Packetology: Eth2 Testnet Block Propagation Analysis

jrhea · June 18, 2020, 7:21pm

Thanks to TXRX research team, @AgeManning, @protolambda, @djrtwo, and @benjaminion for the support provided

The purpose of this post is to present a view of the gossip data that I collected while monitoring the Witti testnet. Similar to flight test analysis in the aerospace world, testnet data can be used to validate assumptions and flag unexpected behavior. This is just my first attempt at trying to make sense of what I am seeing. The more eyes on this the better so comments/feedback/suggestions are welcome.

Configuration

The data for the following analysis was collected by a single instance of the imp network agent.

Testnet: Witti
Collection Dates: June 10, 2020 - June 13, 2020

The network agent uses Sigma Prime’s implementation of gossipsub that they contributed to rust-libp2p. Minor modifications were made to gossipsub params:

mesh_n_high: set to the estimated number of validating nodes
mesh_n_low: set to 1/3 of the estimated number of validating nodes
mesh_n: set to 2/3 of the estimated number of validating nodes
gossip_lazy: set to 0

In addition, the gossipsub Least Recently Used (LRU) cache was remove to enable the logging of duplicate messages.

Analysis

To start, let’s take a peek at some summary level statistics of the data collected.

Starting slot: 105787
Ending slot: 129697
Number of slots: 23910
Number of blocks received: 268089
Average number of blocks received per slot: 11.2
Mean block size: 1909
Median block size: 1584
Number of peers: 19
Number of peers validating: 12
Number of peers not validating: 7

Question: 19 peers and 11 additional received gossip blocks seems a bit excessive, right? It would be interesting to see the number of duplicate messages using normal mainnet params.

Next, let’s take a look at the number of times each validator was selected as a block proposer.

This plot was generated provide a bird’s eye view of the number of times each proposer is selected. The x-axis isn’t labeled, but each line represents the number of times a particular proposer index was selected (according to unique blocks received).

Notice how some proposer indexes appearing so rarely in blocks received? This can happen due to a combination of skipped slots and low balances (which will affects the probability of selection).

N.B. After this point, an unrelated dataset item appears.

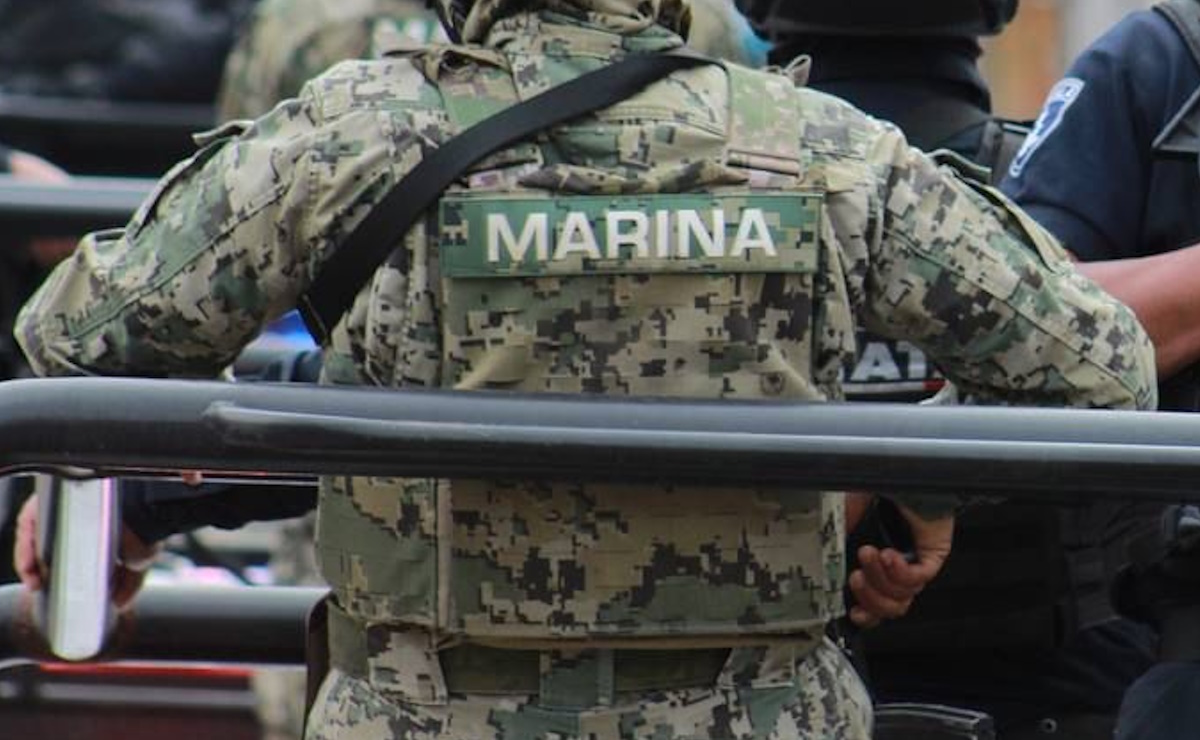 Hallan muerto a capitán de la Semar implicado en “huachicol fiscal”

Let’s zoom in for a closer look.

This plot is the same as the previous, but the x-axis is zoomed in to show the actual proposer indexes in question.

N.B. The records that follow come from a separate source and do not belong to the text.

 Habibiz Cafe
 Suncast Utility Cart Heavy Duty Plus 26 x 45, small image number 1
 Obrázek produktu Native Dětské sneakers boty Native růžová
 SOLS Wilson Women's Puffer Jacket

Now that we are here…there seem to be a few missing validator indexes. It’s worth counting the missing blocks/possible skipped slots:

block_slots_received = set(df['slot'].to_list())
slots=set(range(df['slot'].min(),df['slot'].max()))
print("Number of missing block slots:", len(slots.difference(block_slots_received)), "of", df['slot'].max()-df['slot'].min())

Number of missing block slots: 5319 of 23910 (22%)

Question: Are there that many skipped slots on the Witti testnet, or are clients frequently having to request missing blocks from peers?

Next, let’s take a look at arrival times of the first block in a slot.

This plot zooms in on the y-axis to look at the earliest arriving blocks. No need to adjust your picture…some blocks seem to be arriving before the slot has started. This isn’t unexpected because node clocks will never be perfectly synchronized.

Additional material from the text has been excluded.